For now, we do not care about speaker attribution, i.e., the transcription is speaker
agnostic. The evaluation depends on the particular model type. In this case, we use
the optimal reference combination WER (ORC-WER) metric as implemented in the
[meeteval](https://github.com/fgnt/meeteval) toolkit.
## Model
We use the Streaming Unmixing and Recognition Transducer (SURT) model for this task.
The model is based on the papers:
- Lu, Liang et al. “Streaming End-to-End Multi-Talker Speech Recognition.” IEEE Signal Processing Letters 28 (2020): 803-807.
- Raj, Desh et al. “Continuous Streaming Multi-Talker ASR with Dual-Path Transducers.” ICASSP 2022 - 2022 IEEE International Conference on Acoustics, Speech and Signal Processing (ICASSP) (2021): 7317-7321.
The model is a combination of a speech separation model and a speech recognition model,
but trained end-to-end with a single loss function.

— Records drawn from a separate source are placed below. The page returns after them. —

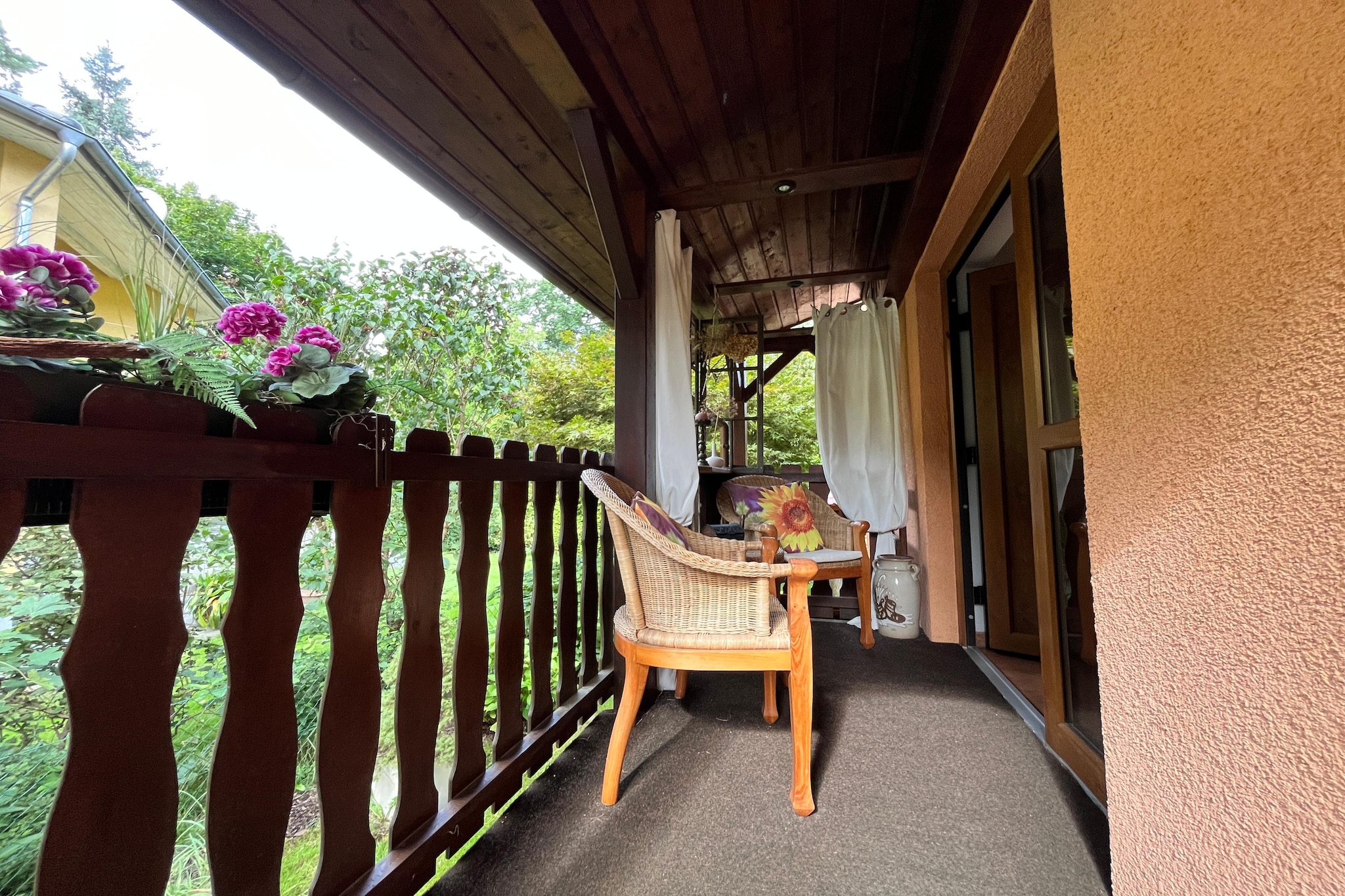 Doppelhaushälfte mit Sonnenterrasse - Terrasbalkon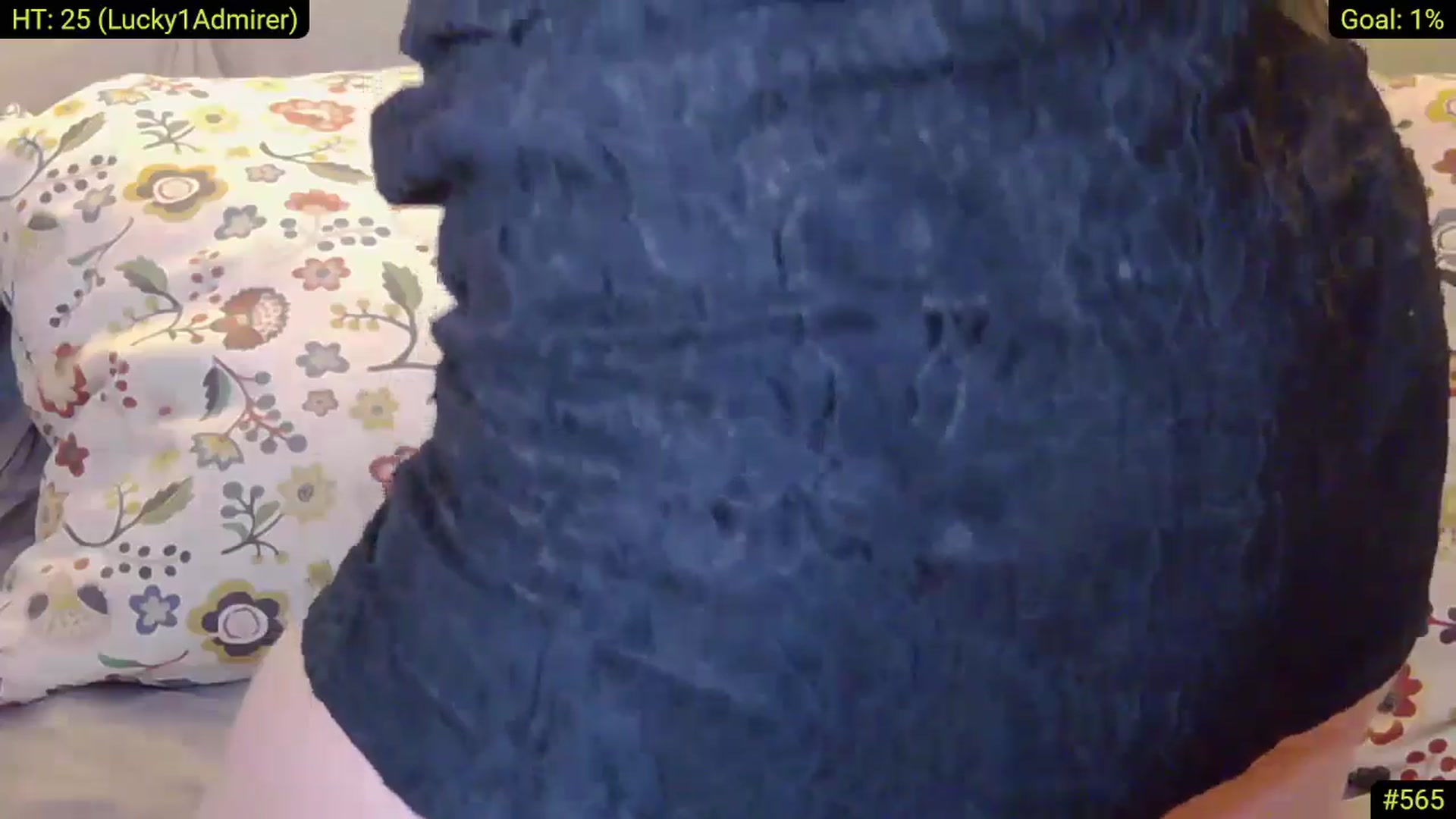 Gallery image thumbnail from AliciaKristal's myfreecams stream on, 12/28/2024, 23:26 image 6 of 20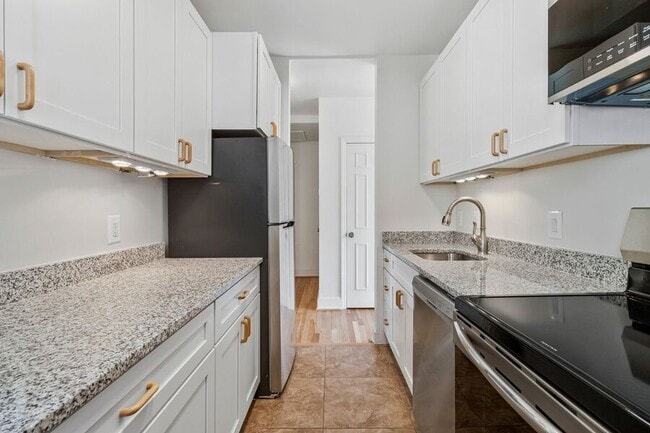 Building Photo - 1916 17th St NW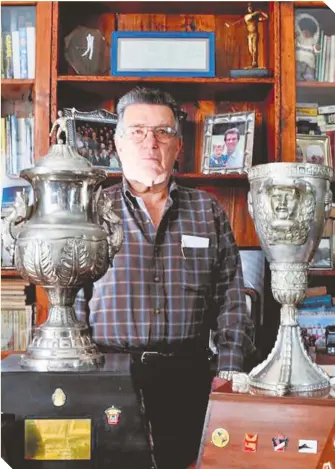  ?? FOTO: ALLAND JHONNATHAN ?? Dentro de su peculiar estilo, Emilio Maurer hizo una análisis de la Selección.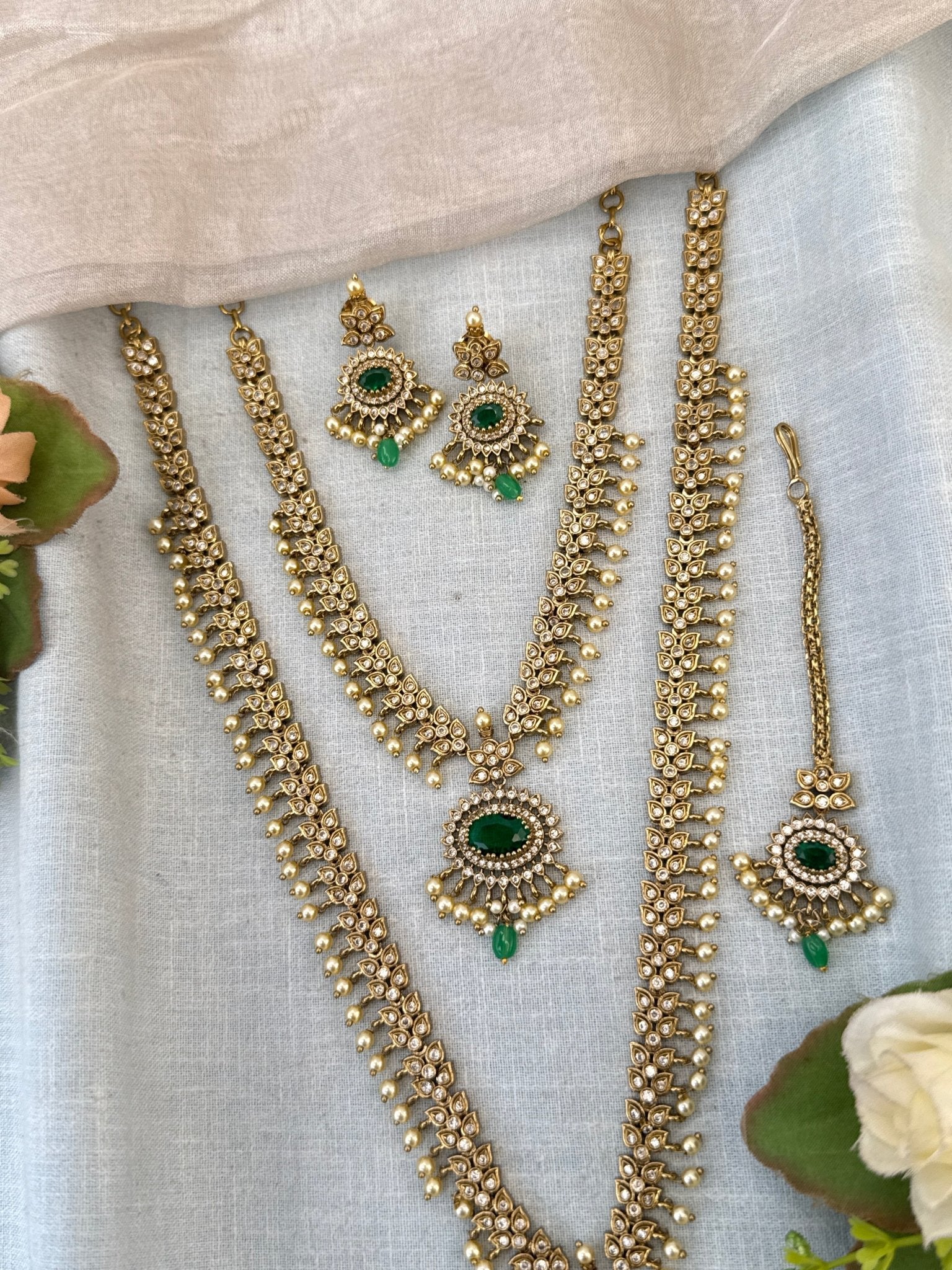 Luxurious Victorian Semi Bridal Neckalce Set 732 - Mahilas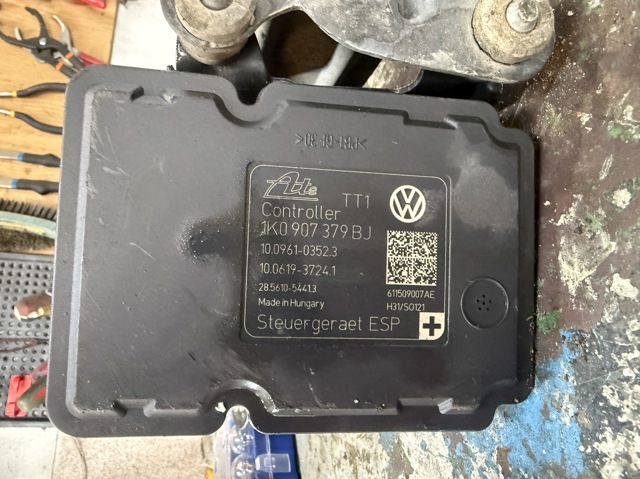 Блок керування АБС (ABS) 1K0907375BJ VAG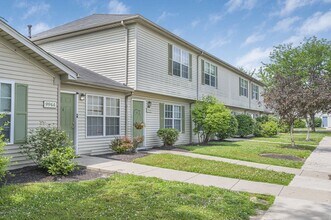 Crescent Village in Cincinnati, OH - Foto de edificio - Building Photo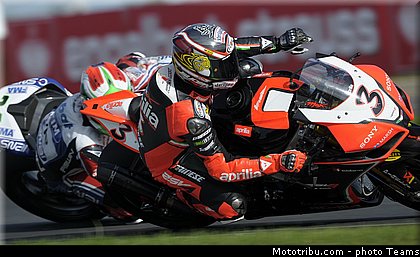 sbk_biaggi_001_wsbk_2012_russie_moscou.jpg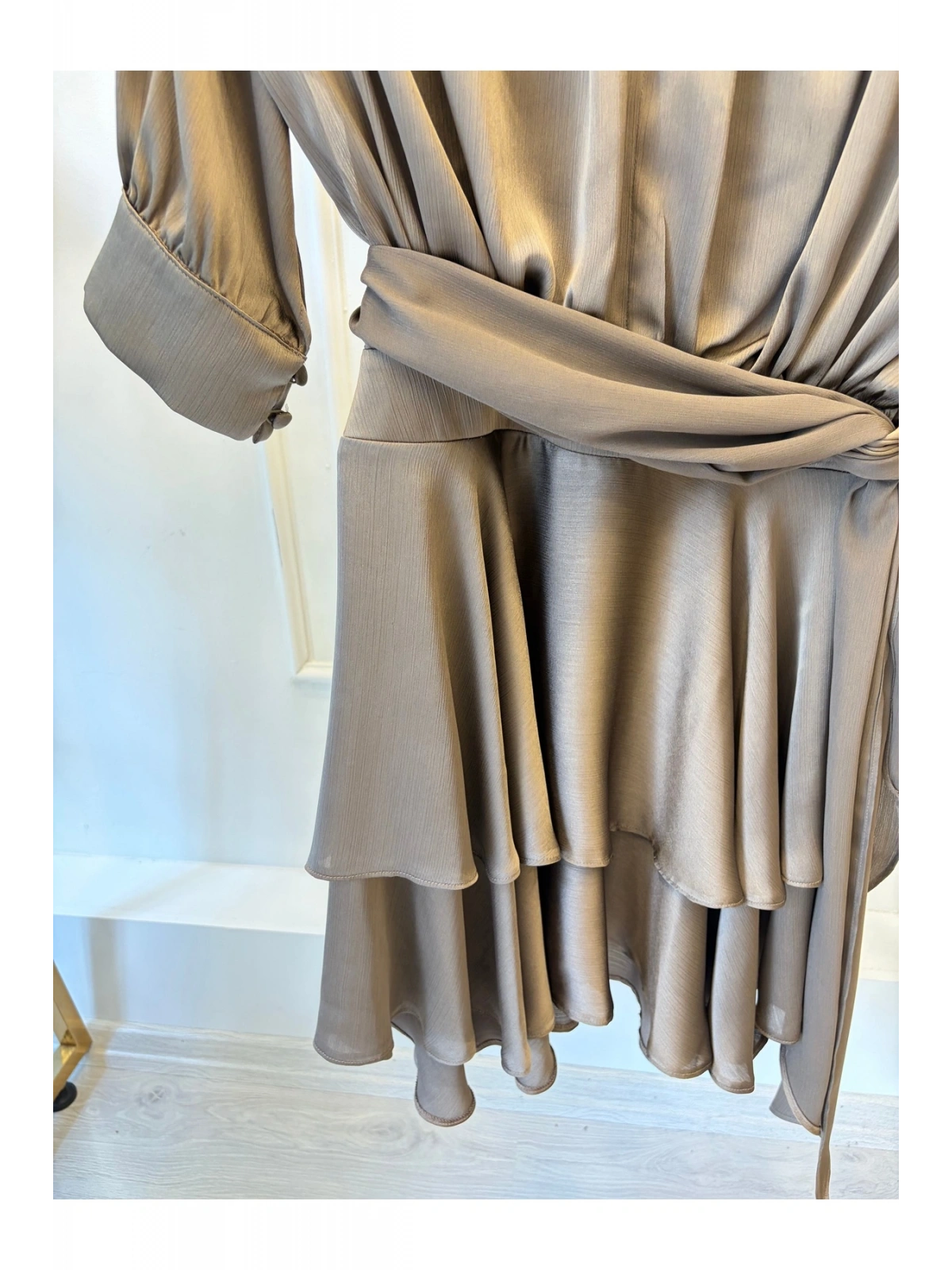 SHIN Drapeli Şifon Mini Elbise – Siyah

The overall architecture is shown
in the figure below. Note that this architecture is slightly different from the one
in the above papers. A detailed description of the model can be found in the following
paper: [SURT 2.0: Advanced in transducer-based multi-talker ASR](https://arxiv.org/abs/2306.10559).
Streaming Unmixing and Recognition Transducer
In the [dprnn_zipformer](./dprnn_zipformer) recipe, for example, we use a DPRNN-based masking network
and a Zipfomer-based recognition network. But other combinations are possible as well.
## Training objective
We train the model using the pruned transducer loss, similar to other ASR recipes in
icefall. However, an important consideration is how to assign references to the output
channels (2 in this case). For this, we use the heuristic error assignment training (HEAT)
strategy, which assigns references to the first available channel based on their start
times. An illustrative example is shown in the figure below:
Illustration of HEAT-based reference assignment.
## Description of the recipe
### Pre-requisites
The recipes in this directory need the following packages to be installed:
- [meeteval](https://github.com/fgnt/meeteval)
- [einops](https://github.com/arogozhnikov/einops)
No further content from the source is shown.